Es ist sohin die Frage zu klären, ob im konkreten Fall die Benützung öffentlicher Verkehrsmittel zumindest hinsichtlich der halben Fahrtstrecke zumutbar ist.

Wann die Benützung öffentlicher Verkehrsmittel zumutbar ist, wird in § 16 Abs. 1 Z. 6 EStG 1988 nicht näher geregelt und ist somit im Wege der Gesetzesinterpretation zu lösen. In Übereinstimmung mit Lehre und Rechtsprechung des Verwaltungsgerichtshofes wird in der Verwaltungspraxis die Unzumutbarkeit wegen langer Anfahrtszeit anhand einer entfernungsabhängigen Zeitstaffel geprüft, wobei nachstehende Zeiten für die Zurücklegung der einfachen Wegstrecke durchschnittlich als zumutbar angesehen werden:

  • unter 20 km 1,5 Stunden

  • ab 20 km 2 Stunden

  • ab 40 km 2,5 Stunden

Die Wegzeit umfasst nach herrschender Lehre (Quantschnigg/Schuch, Einkommensteuer-Handbuch EStG 1988, Tz 53 zu § 16; Doralt, EStG9, § 16 Tz 108, ÖStZ 1988, 317) die Zeit vom Verlassen der Wohnung bis zum Arbeitsbeginn oder vom Verlassen der Arbeitsstätte bis zur Ankunft in der Wohnung, also Gehzeit oder Anfahrtszeit zur Haltestelle des öffentlichen Verkehrsmittels, Fahrzeit mit dem öffentlichen Verkehrsmittel, Wartezeiten usw. Stehen verschiedene öffentliche Verkehrsmittel zur Verfügung, dann ist von der Benützung des schnellsten öffentlichen Verkehrsmittels auszugehen; darüber hinaus ist eine optimale Kombination von Massenbeförderungs- und Individualbeförderungsmittel (z.B. Park and Ride) zu unterstellen, und zwar auch dann, wenn dadurch die Fahrtstrecke länger wird (vgl. ; , RV/0463-G/02; , RV/0192-F/05; , RV/0286-F/05).

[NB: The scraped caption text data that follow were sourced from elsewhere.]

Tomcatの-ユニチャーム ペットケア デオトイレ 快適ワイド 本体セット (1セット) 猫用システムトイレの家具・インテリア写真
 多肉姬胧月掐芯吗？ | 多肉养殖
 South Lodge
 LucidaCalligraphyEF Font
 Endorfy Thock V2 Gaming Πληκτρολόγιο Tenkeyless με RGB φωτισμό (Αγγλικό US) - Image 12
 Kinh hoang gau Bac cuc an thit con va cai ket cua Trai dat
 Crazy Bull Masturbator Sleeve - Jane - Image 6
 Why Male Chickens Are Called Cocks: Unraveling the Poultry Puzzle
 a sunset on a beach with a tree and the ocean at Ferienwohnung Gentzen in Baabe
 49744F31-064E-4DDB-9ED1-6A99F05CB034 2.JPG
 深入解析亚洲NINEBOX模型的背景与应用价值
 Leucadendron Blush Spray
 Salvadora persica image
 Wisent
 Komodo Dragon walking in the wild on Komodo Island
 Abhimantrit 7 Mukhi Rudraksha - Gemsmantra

Insoweit geht der Einwand im Vorlageantrag, der Weg bis zur Bushaltestelle müsse zu Fuß zurückgelegt werden (ca. 30 Min), weshalb die Benützung eines öffentlichen Verkehrsmittels nicht zumutbar sei, in zweierlei Hinsicht ins Leere:

Einerseits ist wie oben ausgeführt, eine optimale Kombination von Massenbeförderungs- und Individualbeförderungsmittel (z.B. Park and Ride) zu unterstellen und andererseits ist für die Berücksichtigung des großen Pendlerpauschales erforderlich, dass die Benützung eines Massenbeförderungsmittels zwischen Wohnung und Arbeitsstätte zumindest hinsichtlich der halben Fahrtstrecke nicht zumutbar.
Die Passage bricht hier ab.